DIRECTIONS:
Please restate the records below verbatim, omitting every image they hold.

EXERCISE INPUTS:
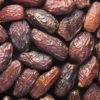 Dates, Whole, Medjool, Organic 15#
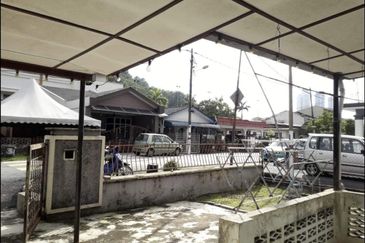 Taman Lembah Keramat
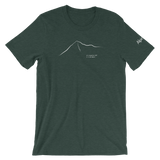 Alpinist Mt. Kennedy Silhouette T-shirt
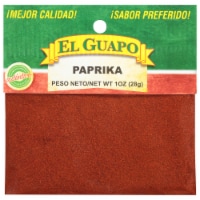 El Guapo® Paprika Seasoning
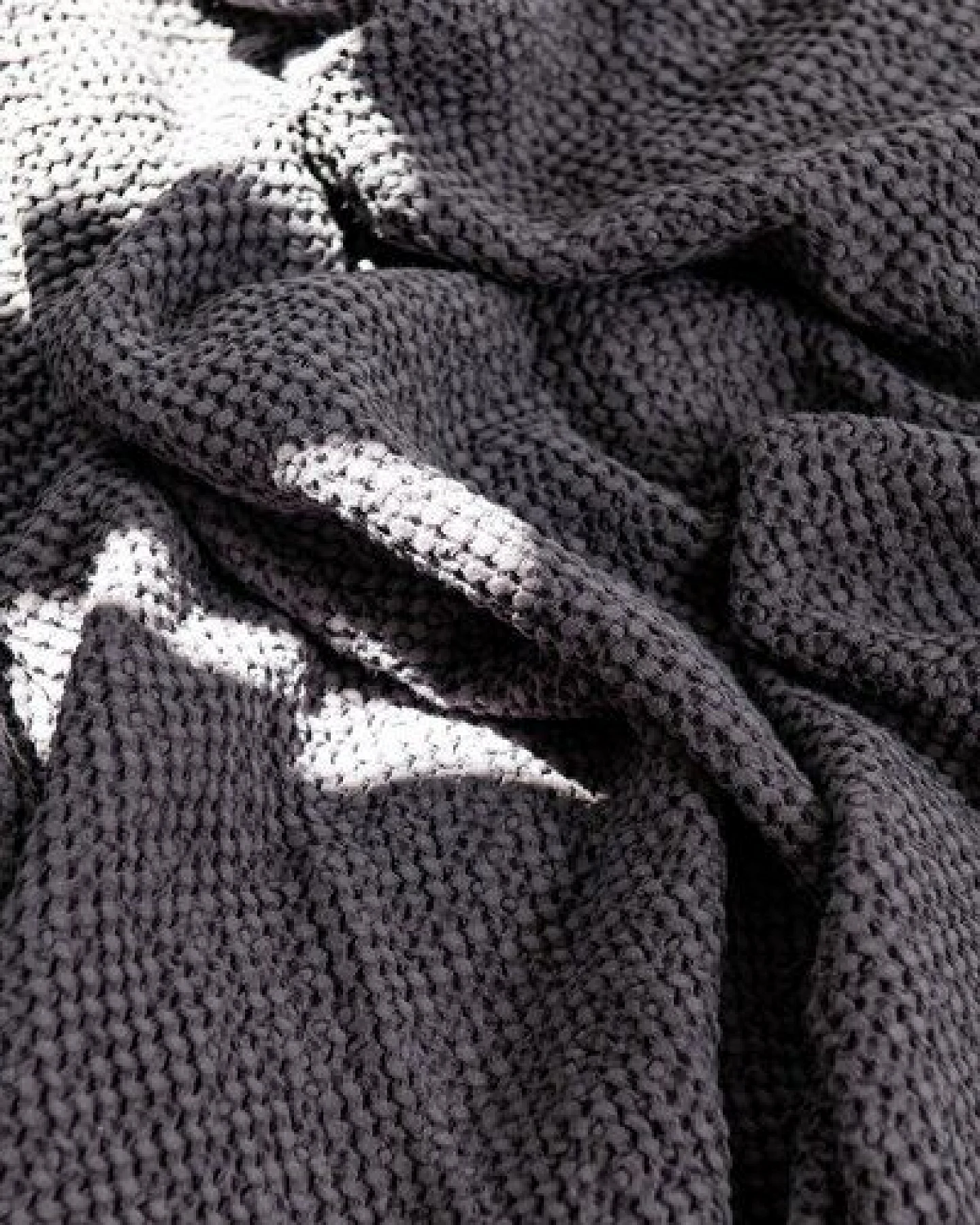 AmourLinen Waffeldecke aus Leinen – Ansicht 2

TASK RESULT:
 Dates, Whole, Medjool, Organic 15#
 Taman Lembah Keramat
 Alpinist Mt. Kennedy Silhouette T-shirt
 El Guapo® Paprika Seasoning
 AmourLinen Waffeldecke aus Leinen – Ansicht 2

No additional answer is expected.